Garlinghouse a qualifié cette issue de défaite douloureuse pour l’ensemble de l’industrie, et pas seulement pour Ripple. « C’était une opportunité plus grande que Ripple ou une seule entreprise », a-t-il déclaré. « Nous l’avons fait pour l’industrie, pour les consommateurs et pour consolider la position des États-Unis comme capitale mondiale de la crypto. En fin de compte, les consommateurs et la compétitivité des États-Unis ont été laissés pour compte. »
Garlinghouse a imputé clairement la responsabilité à l’opposition démocrate, déclarant que « la politique des démocrates » a été mise en avant plutôt que la bonne politique, et a promis un bilan détaillé, après coup, sur les raisons de l’effondrement du projet de loi.
Un revirement après des jours d’optimisme
La défaite marque un virage par rapport au ton de Garlinghouse juste avant le vote, lorsqu’il a exhorté le Sénat à soutenir le projet de loi, le qualifiant de « produit de véritables transactions substantielles que les décideurs politiques ont réalisées pour en arriver là » et affirmant que « le parfait ne peut pas être l’ennemi du bien ».

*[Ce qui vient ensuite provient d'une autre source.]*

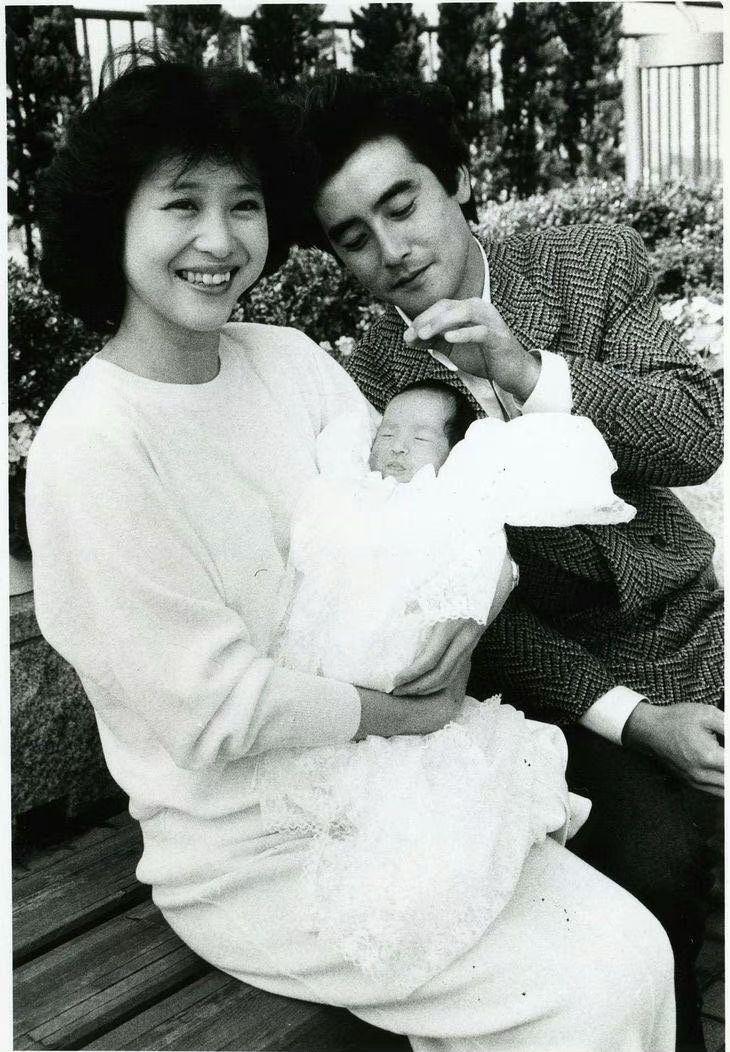 神田正輝昔日一家三口的場面已成回憶。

À l’époque, il a exhorté les sénateurs à ne pas considérer CLARITY comme quelque chose qu’il faut se contenter d’avoir. « Ce n’est pas un accord que les sénateurs devraient “se contenter d’avoir”, c’est un accord qu’ils devraient soutenir », a-t-il écrit, ajoutant : « maintenant est le moment de voter oui. »
Où va Ripple à partir d’ici
Malgré le revers, Garlinghouse a souligné la poursuite de l’élan, tant pour la crypto dans son ensemble que pour Ripple en particulier, notant que la SEC, sous la direction de la présidente Atkins, et la CFTC, sous celle de la présidente Selig, continueront de travailler pour combler le vide législatif via l’élaboration de règles, Ripple restant activement engagée dans ce processus.

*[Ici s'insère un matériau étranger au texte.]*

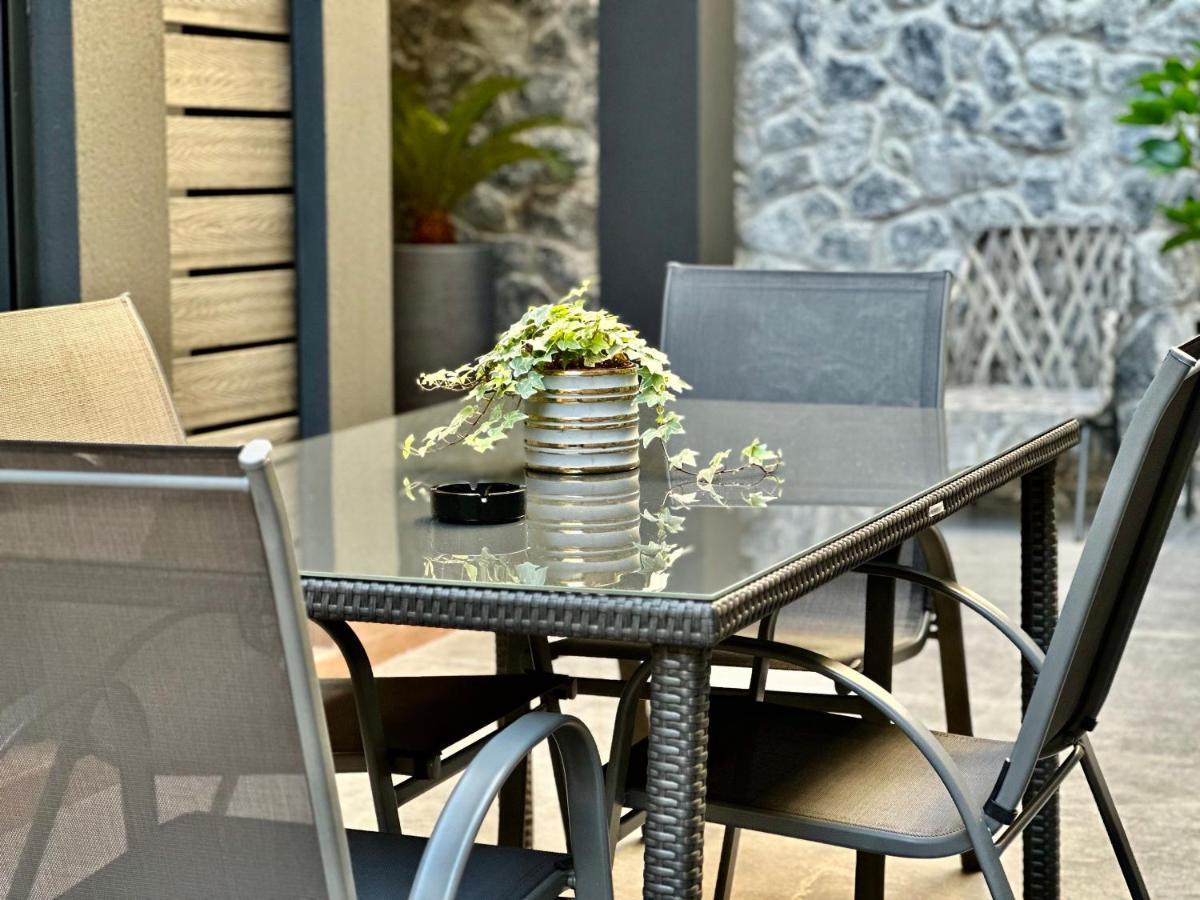 T&T Luxury Apartments - Rooftop Jacuzzi Athene Buitenkant foto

« L’activité de Ripple n’a jamais été aussi forte », a-t-il déclaré, « un vote manqué à Washington ne change ni notre dynamique, ni notre présence mondiale, ni nos clients. »
Le responsable juridique en chef de Ripple, Stuart Alderoty, a fait écho à cette perspective, rappelant aux abonnés que la situation juridique de XRP reste intacte, quel que soit le résultat du vote, en s’appuyant sur la décision rendue en 2023 par une juridiction fédérale selon laquelle XRP n’est pas un titre, ainsi que sur l’interprétation conjointe SEC-CFTC de mars classifiant XRP comme une marchandise numérique.